If you use alter system, you must reload configuration to start the change and the change is persistent, you won't have to re-run the query anymore if, for example, you will restart the server.
To check the feature status:
show idle_in_transaction_session_timeout;
Connect through a proxy like PgBouncer which will close connections after server_idle_timeout seconds.
From PostgreSQL v14 on, you can set the idle_session_timeout parameter to automatically disconnect client sessions that are idle.
If you use AWS with PostgreSQL >= 9.6, you have to do the following:
Create custom parameter group
go to RDS > Parameter groups > Create parameter group
Select the version of PSQL that you use, name it 'customParameters' or whatever and add description 'handle idle connections'.
Change the idle_in_transaction_session_timeout value
Fortunately it will create a copy of the default AWS group so you only have to tweak the things that you deem not suitable for your use-case.
Now click on the newly created parameter group and search 'idle'.
The default value for 'idle_in_transaction_session_timeout' is set to 24 hours (86400000 milliseconds). Divide this number by 24 to have hours (3600000) and then you have to again divide 3600000 by 4, 6 or 12 depending on whether you want the timeout to be respectively 15, 10 or 5 minutes (or equivalently multiply the number of minutes x 60000, so value 300 000 for 5 minutes).
Assign the group
Last, but not least, change the group:
go to RDS, select your DB and click on 'Modify'.
Now under 'Database options' you will find 'DB parameter group', change it to the newly created group.
You can then decide if you want to apply the modifications immediately (beware of downtime).
I have the problem of denied connections as there are too much clients connected on Postgresql 12 server (but not on similar projects using earlier 9.6 and 10 versions) and Ubuntu 18.

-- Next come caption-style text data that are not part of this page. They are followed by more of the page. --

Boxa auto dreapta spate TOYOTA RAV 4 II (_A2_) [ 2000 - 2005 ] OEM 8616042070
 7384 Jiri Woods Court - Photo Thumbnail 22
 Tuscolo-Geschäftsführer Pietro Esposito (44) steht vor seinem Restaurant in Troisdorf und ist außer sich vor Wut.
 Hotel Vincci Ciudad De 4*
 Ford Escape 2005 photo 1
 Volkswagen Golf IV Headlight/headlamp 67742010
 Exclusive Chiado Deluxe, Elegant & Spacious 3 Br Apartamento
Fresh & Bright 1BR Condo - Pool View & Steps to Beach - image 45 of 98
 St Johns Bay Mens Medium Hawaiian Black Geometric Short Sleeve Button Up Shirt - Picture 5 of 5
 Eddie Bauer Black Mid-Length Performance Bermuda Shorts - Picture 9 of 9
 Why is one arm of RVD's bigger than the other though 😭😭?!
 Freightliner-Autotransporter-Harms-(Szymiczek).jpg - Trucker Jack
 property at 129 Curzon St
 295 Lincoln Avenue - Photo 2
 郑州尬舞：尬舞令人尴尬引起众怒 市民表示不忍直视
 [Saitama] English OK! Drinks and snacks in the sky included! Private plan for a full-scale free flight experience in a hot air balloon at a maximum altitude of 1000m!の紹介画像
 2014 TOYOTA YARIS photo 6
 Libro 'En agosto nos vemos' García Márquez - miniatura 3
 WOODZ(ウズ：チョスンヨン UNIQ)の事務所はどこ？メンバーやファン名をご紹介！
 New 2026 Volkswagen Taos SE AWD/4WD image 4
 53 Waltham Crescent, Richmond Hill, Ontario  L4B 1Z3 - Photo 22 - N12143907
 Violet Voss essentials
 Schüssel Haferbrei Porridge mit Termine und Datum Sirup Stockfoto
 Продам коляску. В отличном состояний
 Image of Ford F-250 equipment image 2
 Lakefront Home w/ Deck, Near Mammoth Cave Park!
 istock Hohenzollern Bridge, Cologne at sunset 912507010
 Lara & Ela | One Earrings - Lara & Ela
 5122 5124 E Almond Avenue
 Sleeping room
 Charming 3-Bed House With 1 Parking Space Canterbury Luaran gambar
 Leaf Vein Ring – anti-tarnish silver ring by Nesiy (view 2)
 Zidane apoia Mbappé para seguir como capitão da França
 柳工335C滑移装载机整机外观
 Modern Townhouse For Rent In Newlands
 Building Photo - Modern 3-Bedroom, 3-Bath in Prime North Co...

I wonder if those settings
tcp_keepalives_idle
tcp_keepalives_interval
could be more relevant than
idle_in_transaction_session_timeout
idle_in_transaction_session_timeout indeed closes only the idle connections from failed transactions, not the inactive connections whose statements terminate correctly...
the documentation reads that these socket-level settings have no impact with Unix-domain sockets but it could work on Ubuntu.
Up to PostgreSQL 13, you can use my extension pg_timeout.